あれはそう、大好きなGLAYのライブを見るために、埼玉へ遠征したときの話である。

 5月の3,5,6日と、変則的な3DAYSでさいたまスーパーアリーナにてライブが行われた。

自分は3日と5日のチケットが手に入ったため、4日が丸々1日空くことになった。

そこで、「これまで行ったことがないところへ行ってみよう!」と思い、前々から興味のあった、秋葉原へ行くことにした。

その選択がすべての始まりであることを、この時はまだ知らなかった…。

 

ライブを楽しんだ翌日の朝、ホテルのある蕨駅から電車で秋葉原へ向かう。

駅を降りたあと、まずは地下道へ向かい、展示販売されているフィギュアのクオリティーの高さに感動しつつ、地上へと戻る。

その後、萌え萌えじゃんけんの声を聞いたり、客引のメイドさんを眺めたりしつつ、『アキバ』の空気を感じながらさまよっていた。

そして、忘れもしない出来事がやってくるのである…。

 

「そろそろ昼飯時だし、次はお台場にでも行きますか。」と思いながら駅へ向かっている道中、お姉さんにパンフレットを手渡された。

「展示会でもやってるのかな。」と思いながらお姉さんについていくと、ギャラリーへとたどり着いた。

そこではラッセンのような華やかな絵や、落ち着いた大人の雰囲気が漂う絵など、多くの絵画が展示されていた。

それを眺めているとお姉さんから、「ちなみに買うとしたらどの絵がいいですか?」と聞かれる。

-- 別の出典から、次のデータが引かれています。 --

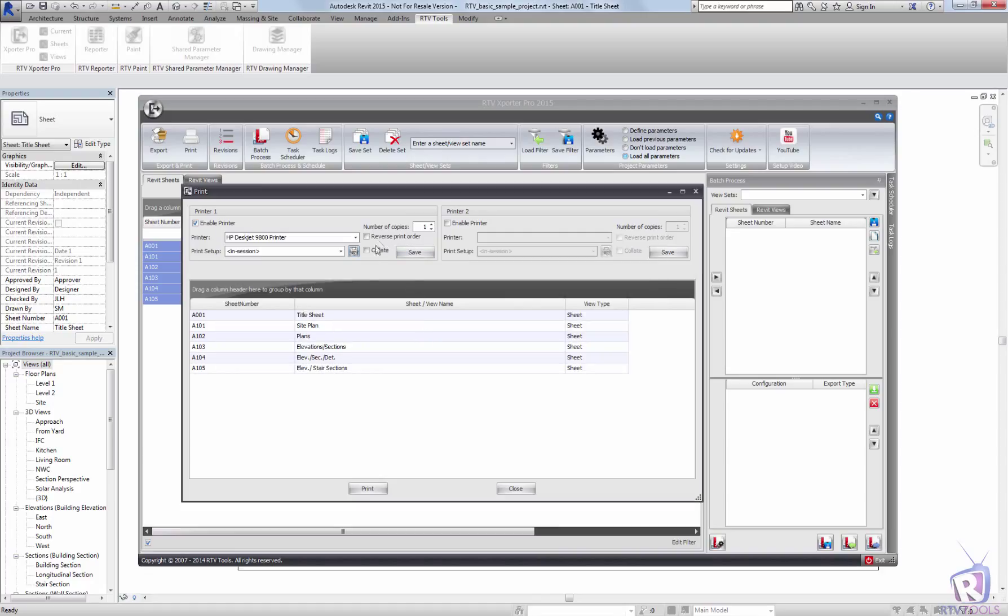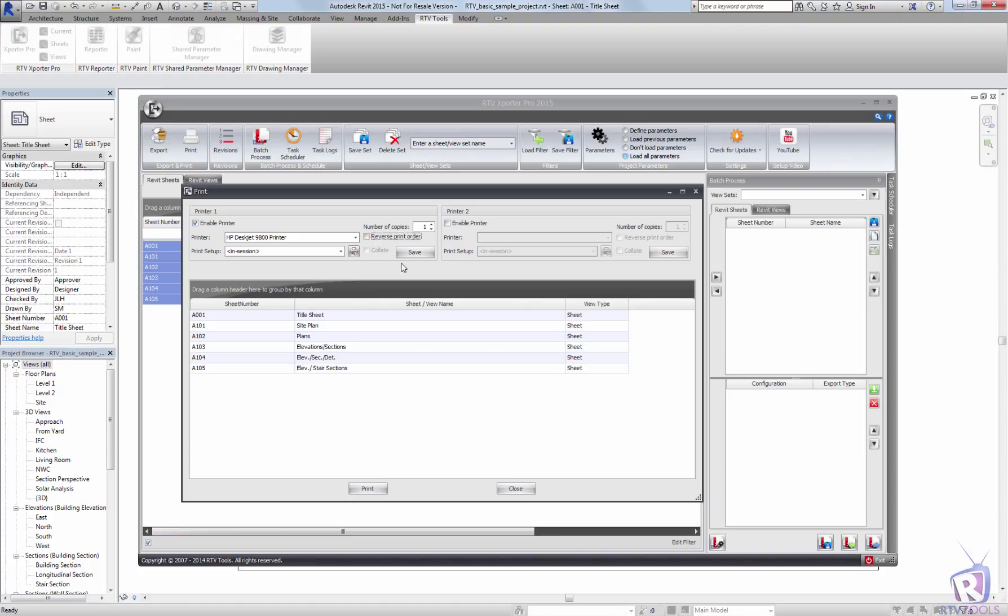You can choose to collate any kind of multiple prints. If you've got a number of copies that you'd like to print, you can use the collate tool. You can also print in reverse order if you're doing a large set and want them to be reversed.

そう、展示会のお誘いではなく、絵画を買わせようと声をかけてきたのだ。

「おいおい、なんだかおかしな雰囲気になってきたぞ…。」と思いつつ、自分の軽率さを思い知らされることとなった。

 

その後は、「いかにしてこの場から逃げ出すか」ということを必死に考えていた。

対してお姉さんは「初心者なのにあの絵を選ぶなんて、あの客は一体何者だ!?てみんな驚いてます。」とか、

「私、人見知りだけどお兄さんはとっても話しやすいです。」などと言葉をかけ、揺さぶりをかけてくる。

その間に、75万円だった絵画の値段がどんどん下がっていき、気が付くと35万円まで値段が下がっていた。

しかし、どれだけ値段を下げられても首を縦には振らず、何とかその場から脱出することができた。

あの時の解放感と、「東京怖い…。」という思いは、きっと忘れることはないだろう。

 

 

 

 

 

 

 

 

その時に買わされた3万円の絵は、思い出の品として部屋の片隅に、プチプチを巻かれたまま放置されている。